Provisions. A half-eaten plastic container of Taleggio cheese, placed adjacent to toast points and a few chips-and-salsa remnants, barely beckoned, but the nice variety of fine wines made for tasty sampling. (Nobody was available to pour and pontificate about the five white, red and rosé domestics and imports, so we helped ourselves.)
Trader Joe’s. A superfriendly server handed each of us a fork and a paper cup filled with a zesty ginger-chicken noodle salad with shredded carrots, which we followed with a chaser of lemonade and freshly brewed coffee. Because the staffer was standing there, though, we were loath to take seconds. (Recipe cards for re-creating the dish at home were a nice touch.)
Whole Foods. Portions were small but delicious and made us want seconds, thirds ... and fourths. After fresh cantaloupe came Cheddar cubes served with an imported marmalade and fancy crackers. Across the aisle, crisp tortilla chips and a piquant guacamole called to us loudly—and we answered. Next we grabbed a few handfuls of cheese curls and salted tortilla chips—then doubled back for more guacamole. After a dollop of pineapple-and-lemon gelato, we finished off our mini-meal with sips of Guenoc, Moscato, a French Merlot, a California Chardonnay and a Sauvignon Blanc.

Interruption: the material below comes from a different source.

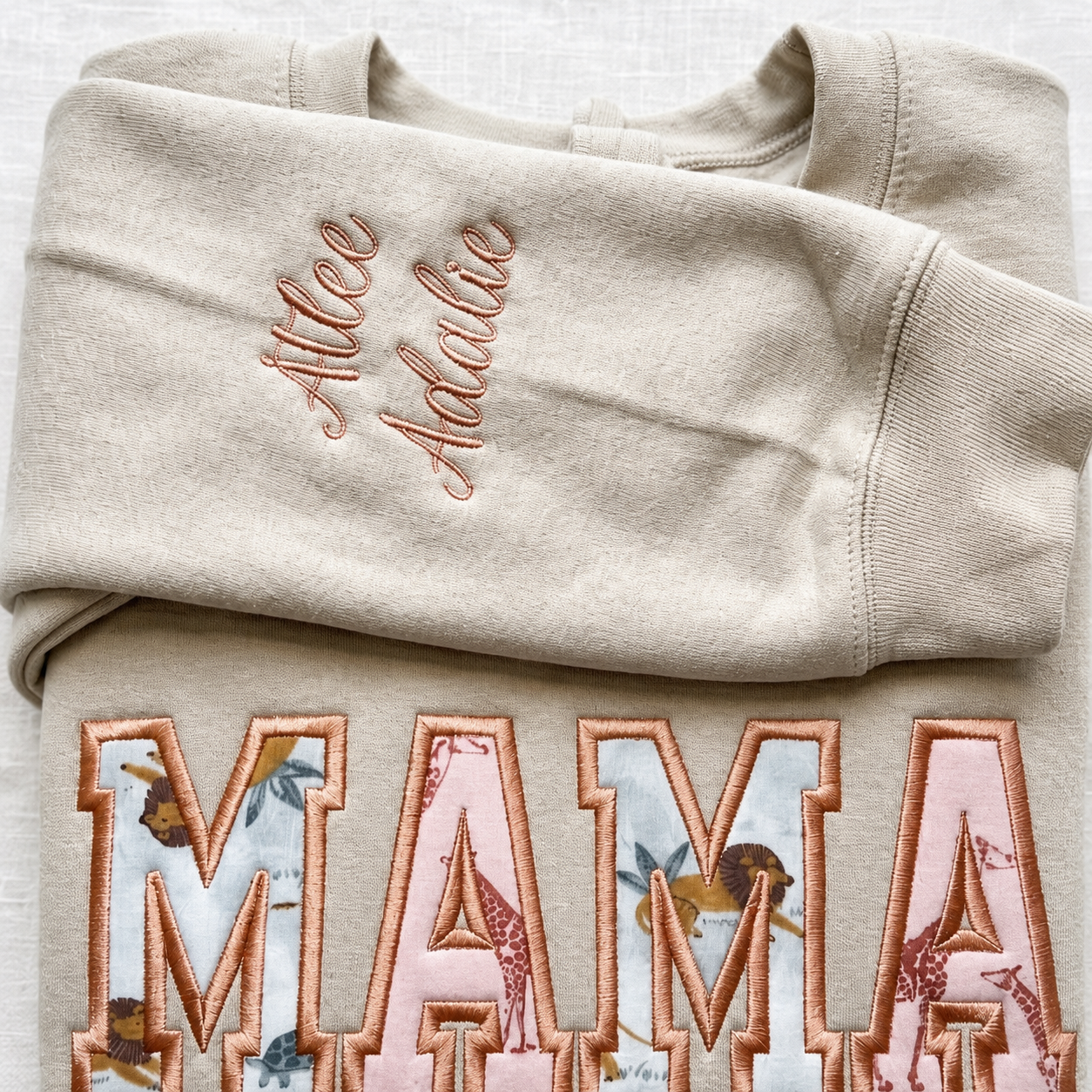 Personalized embroidered multiple names on a keepsake sweatshirt sleeve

Gourmet to Go. Typically stocked with two daily samples, it provided slim pickings on our visit. We settled for a few delicious brochette bagel chips with scoops of a tasty artichoke-Parmesan dip. The pound-cake sample tray offered only crumbs.
The Wine Merchant. We celebrated happy hour with a sampling of five Australian wines. Feta cheese and crackers were at our fingertips on the counter. We ambled over to the main cheese counter, where co-owner John Nash doled out more cheese samples like a carnival barker. We went away with cheese-smeared fingers, purple teeth and two bottles to try at home.

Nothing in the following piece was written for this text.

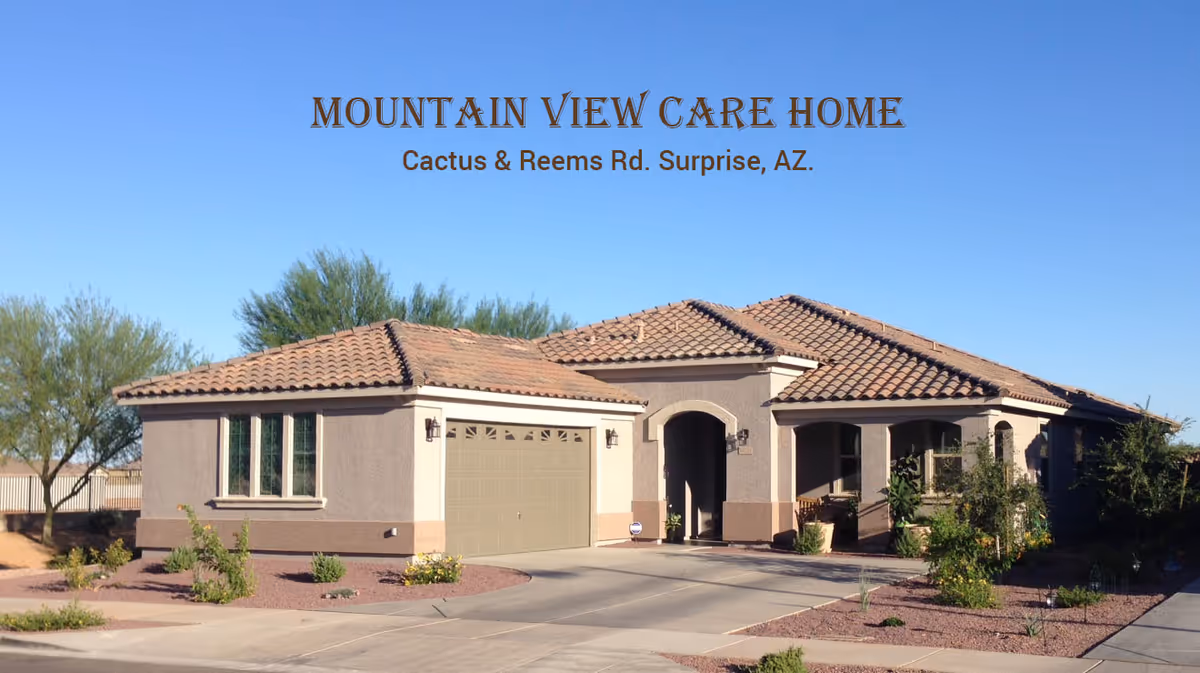 Front exterior of a single-story beige stucco care home with a tiled roof, attached garage, and desert landscaping under a clear blue sky with the text 'MOUNTAIN VIEW CARE HOME' overlaid at the top.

Wild Oats. Selections were surprisingly prosaic: Crackers were accompanied by someone spinning the virtues of Cheddar served on toothpicks, reminiscent of a ’50s-style cocktail party. There were a few peanuts in shells to sample in another aisle, but we felt guilty taking too many.

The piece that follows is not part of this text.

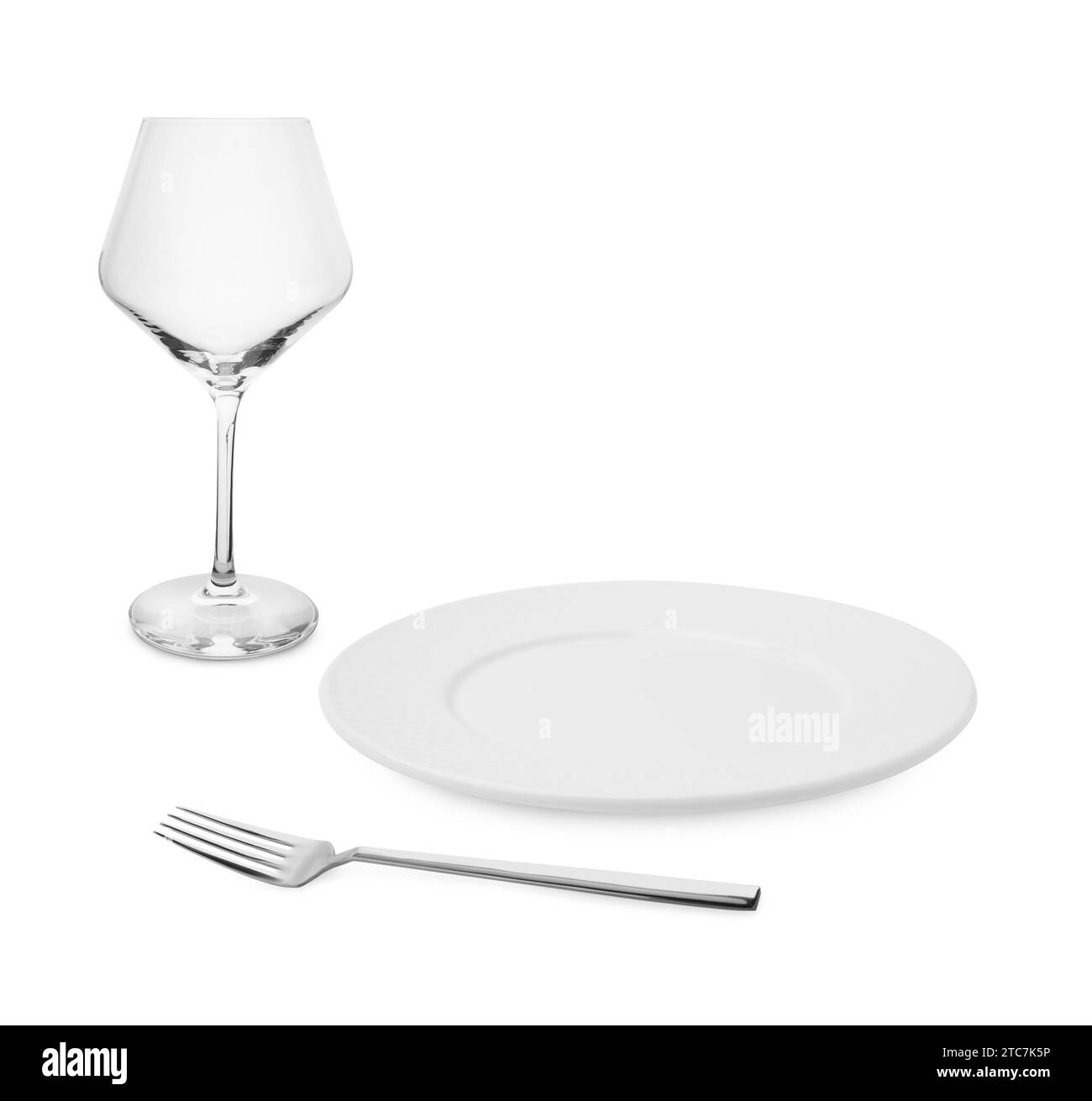 Clean plate, fork and glass on white background Stock Photo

Straub’s. At the bakery there were blueberry-muffin pieces and cut-up yellow cupcakes with sprinkles but no toothpicks or napkins. With nobody looking, it seemed OK to help ourselves to seconds. The cheese counter offered a pedestrian trio of chips and dips—crab, ham/green onion and French onion.
Volpi. It may have shelves and refrigerated cases filled with tempting cheeses, pastas, cured meats and more, but its counter offered just a tiny taste test of thinly sliced hard Genoa salami, paper-thin prosciutto and cubes of Gruyère cheese. The salami called for a second nibble—and inspired us to take some slices home. We added some ravioli filled with pumpkin for good measure.